Meet David Shing. His title at AOL is “Digital Prophet.” And he is excited for what 2014 could mean for brands and people.
In a perverse way, this video epitomizes what marketing looks like in 2014: it’s deliberately awkward, aping the lo-fi production values of ’80s public-access television for cheap nostalgia. It’s carpeted in hypey buzzwords and technological hand-waving (wearable computing, the “quantified self,” “curated experiences”). And it is fundamentally an advertisement for AOL that is masquerading as agenda-free “content.”

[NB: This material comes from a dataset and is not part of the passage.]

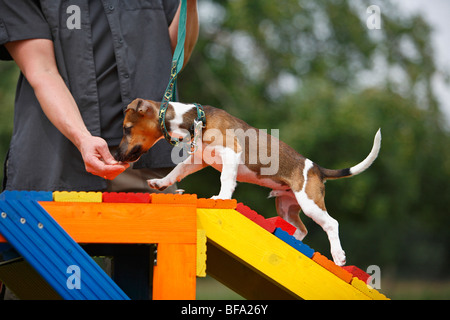 Jack Russell Terrier (Canis Lupus F. Familiaris), Puppie wird angezogen, um zu Fuß über eine Barriere in einer Hundeschule, Deutschland Stockfoto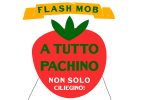 FlashMob_ATuttoPachino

Shing has been appearing in the press more and more recently, clearly sent out to build awareness for AOL’s advertising division. Lots of bloggers seem to love making fun of how he looks, with the Whitesnake hair-do and the black nail polish and the aggressively chunky eyewear and so on. I think they miss the point, which is that his strange personal style is precisely calculated to make us look twice, one of the hardest things to do in today’s media landscape. It’s particularly crucial in this case, because what Shing is actually saying in this video is incredibly banal—a boilerplate grab-bag of vague predictions you could have heard at any TED talk in any of the last five years.
So yes, there’s plenty to laugh at here, and lots of people are. But don’t forget that the strategy seems to be working: AOL’s most recent results showed a 23% increase in advertising revenue last quarter. The only thing worse than being talked about, as Oscar Wilde famously wrote, is not being talked about, and this is truer in the ad business than almost any other.